EU’s fishing industry on ‘brink of suicide’ as Bluefin tuna face extinction in just three years
THE “king of sushi” — the bluefin tuna — could be forced into extinction in three years due to current catch rates.
Cod and anchovy might also join them, if the “suicidal” EU rulings allow fishermen to continue at the current levels.
Just two weeks into the official fishing season of Bluefin tuna in the Meditteranean and conservationists fear that the increasingly small size of adult fish caught means stocks will no longer be viable.
“The sector is overfishing and, if you like, committing suicide”
Bluefin has become such a sought after delicacy in the Far East that enormous prices are being paid for thir rich red meat.
Now European Commission officals have admitted five key failings in the EU’s Common Fisheries Policy as they prepared to tear up the idea of a centrally-dictated strategy.
They launched the search for an alternative, saying that much of the responsibility for fishing must be returned to EU member states.
One key failing that has led to the near-extinction of stocks of cod, bluefin tuna and anchovy is the “deep-rooted problem” of fleet overcapacity.
Campaign groups, such as Greenpeace, are arguing for a 40 per cent cut in the EU’s 90,000 vessels.
The Commission said that 88 per cent of EU stocks were overfished, compared with only 25 per cent worldwide.
Ministers from individual EU states were given much of the blame in the Green Paper.
They meet every December to set fish quotas and every year they override expert scientific advice, which, for example, has been calling for cod fishing to be closed in the North Sea to allow it to recover.

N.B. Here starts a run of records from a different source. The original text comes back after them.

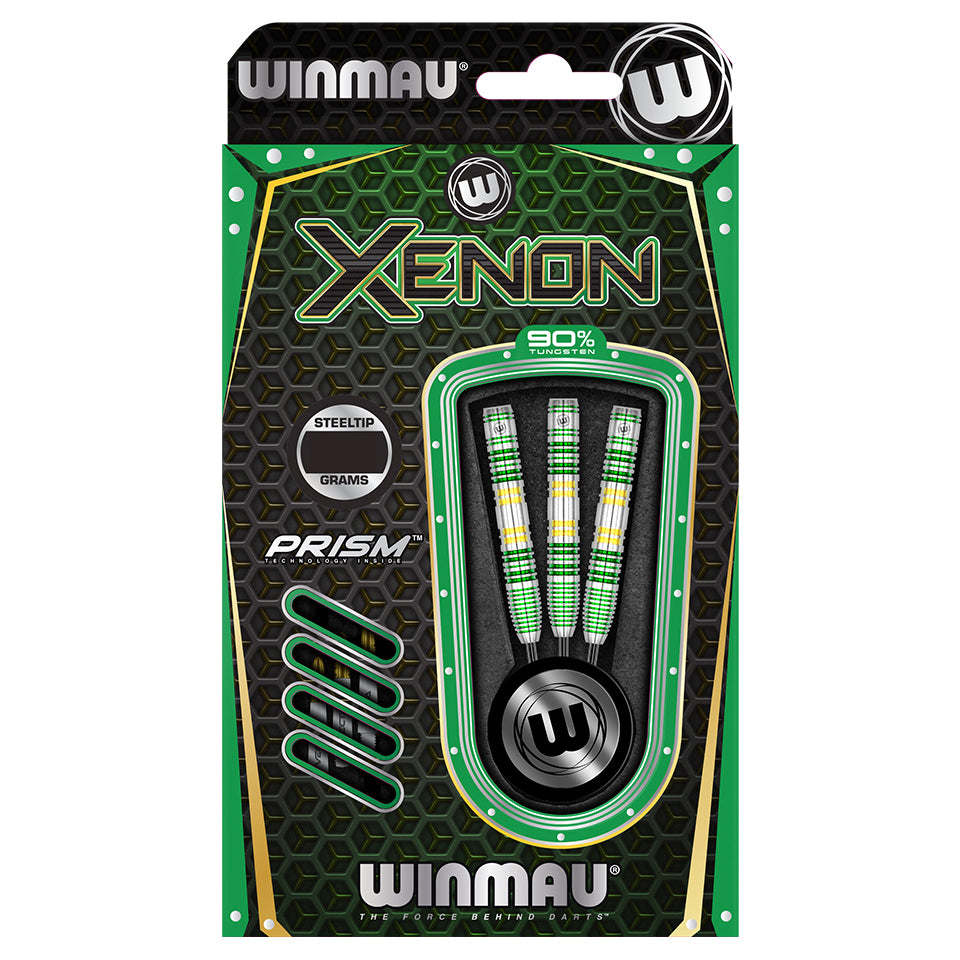 Winmau Xenon Steel Tip Darts - 25gm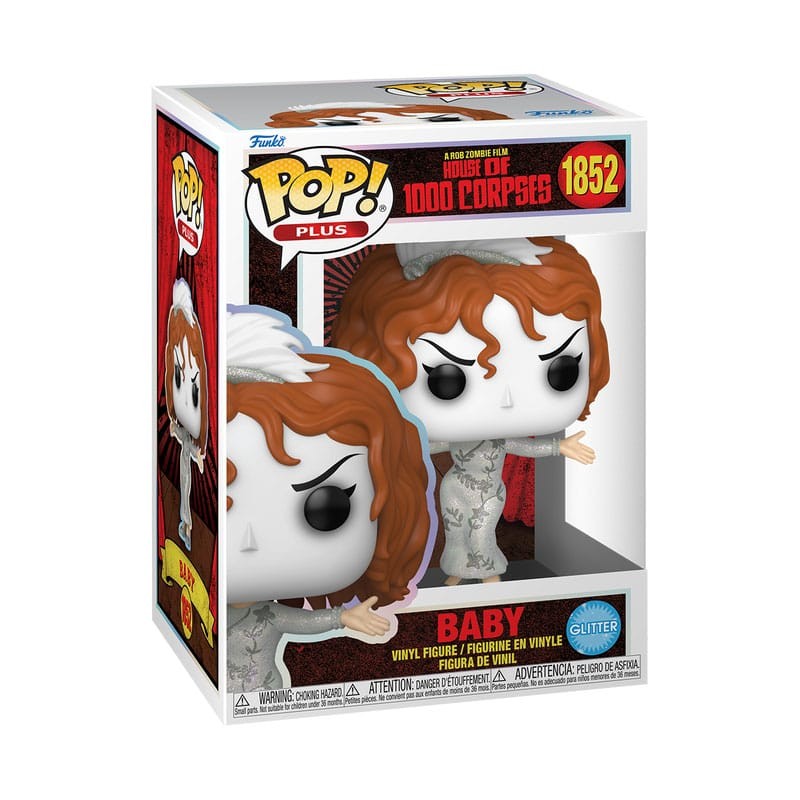 Funko POP! 1852 Baby Glitter (House of 1000 corpses) Funko POP! 1852 Baby Glitter (House of 1000 corpses)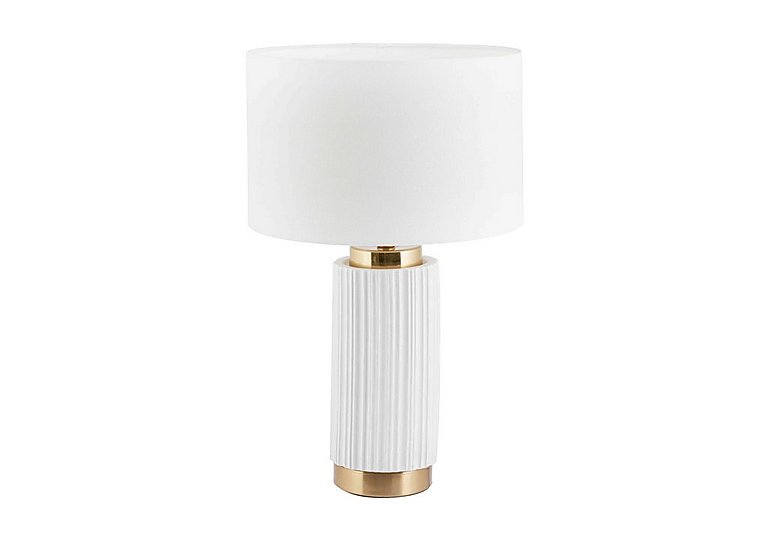 Tammy Table Lamp - White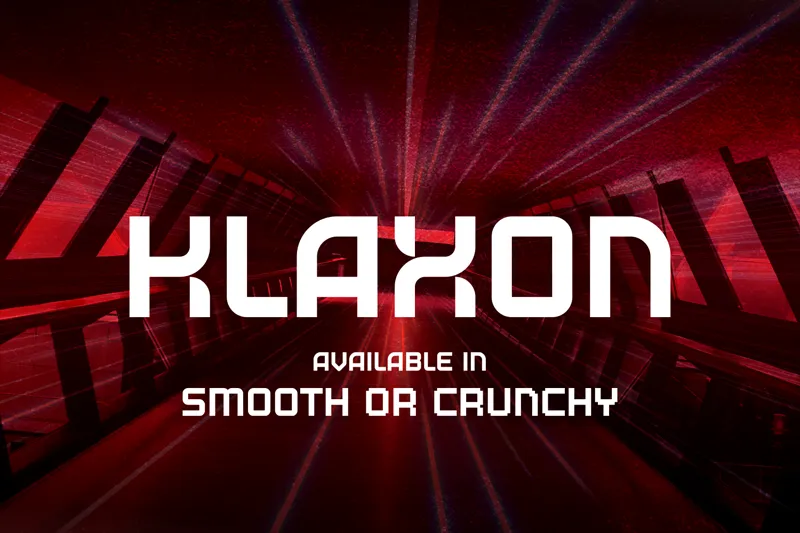 Klaxon Crunchy author illustration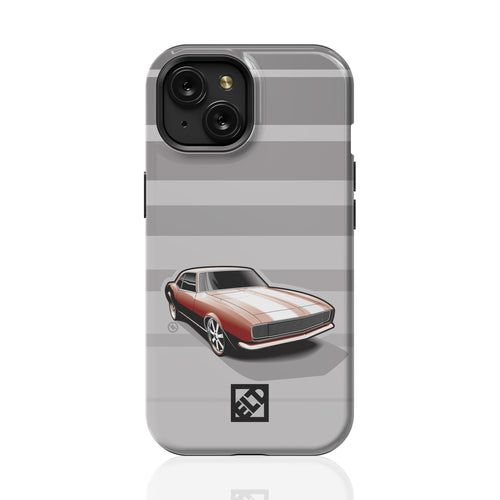 Red Camaro Z28 iPhone 15 Series Phone Cases | ELD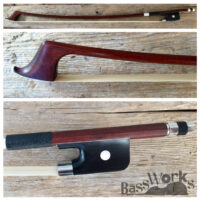 Dorfler Pernambuco French Double Bass Bow - Octagonal, 3/4 Size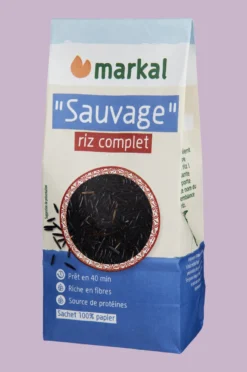 Markal Rijst Wild Bio (300 gr)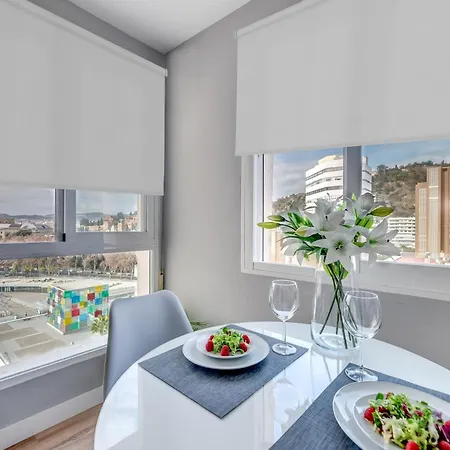 Appartement Letmalaga Harbour One Málaga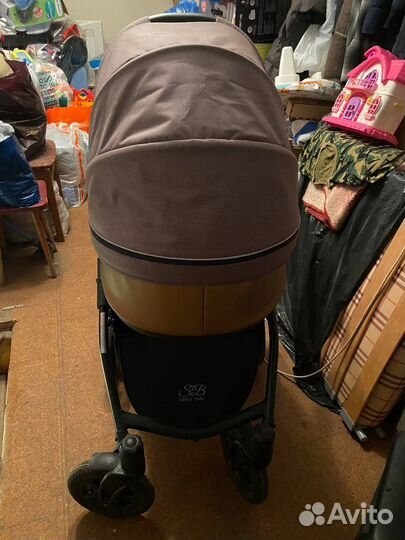 Коляска для новорожденного 2 в 1 Sweet Baby Perfet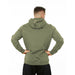 Loaded Barcode Heavy Hoodie - Washed Green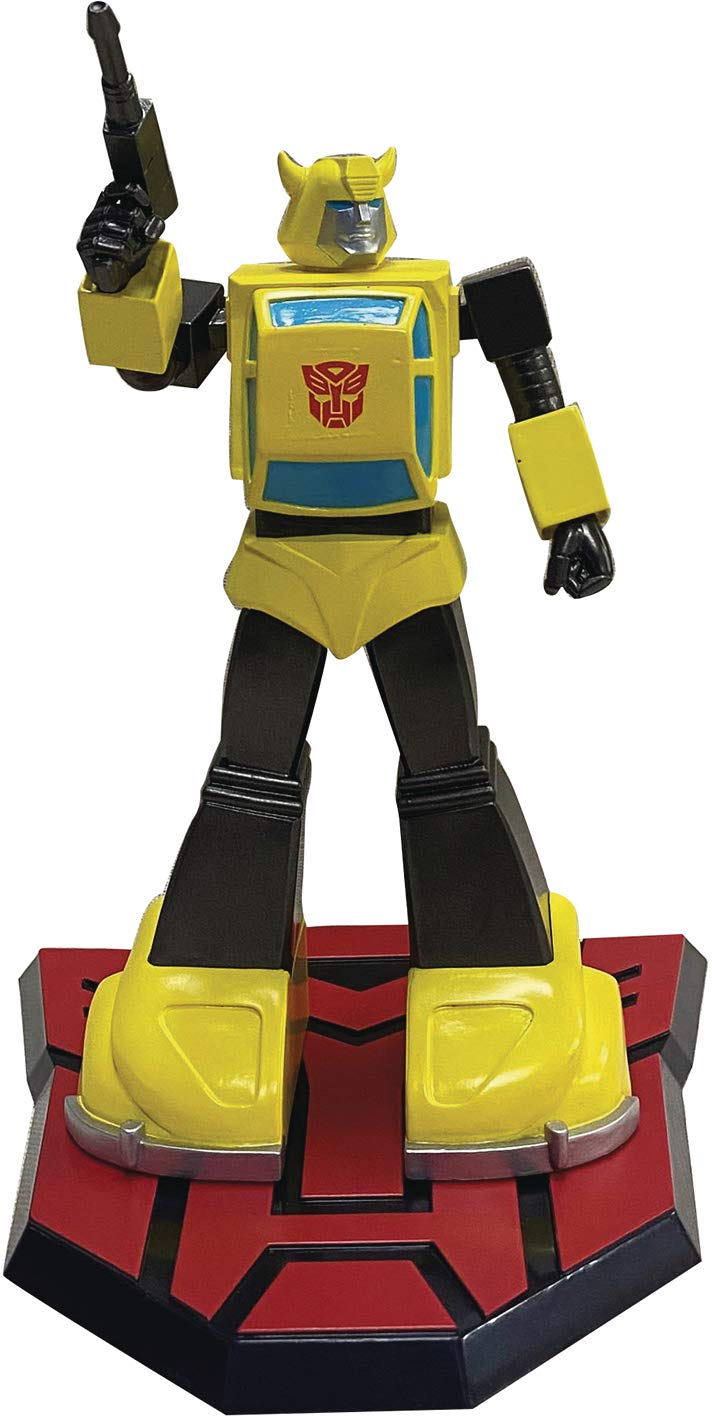 PCS Collectibles Transformers Bumblebee 9" Figure - Fundom
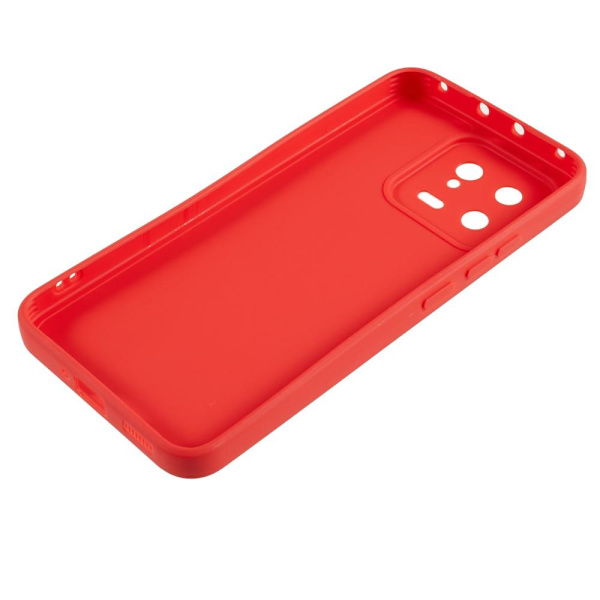 SKALO Xiaomi 13 5G Ultraohut TPU-kuori - Valitse väri Red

Last year 93 per cent of cod was caught before the fish were mature enough to reproduce. But a higher cod quota was set for this year, under pressure from member states.
One of the most senior European Commission fisheries officials added: “The sector is overfishing and, if you like, committing suicide.”
Spain has the biggest fleet in terms of tonnage, but its 11,350 boats are still outmatched by Greece, which has 17,350, and Italy with 13,700.
Aaron McLoughlin, head of the European Marine Programme at WWF, said: “The Commission have produced an admirably honest critique of a dysfunctional fisheries policy.”
He added that the successful fisheries of Alaska, New Zealand and Norway, based on long-term management plans for fish stocks and cuts in fleet capacity, could be copied in Europe.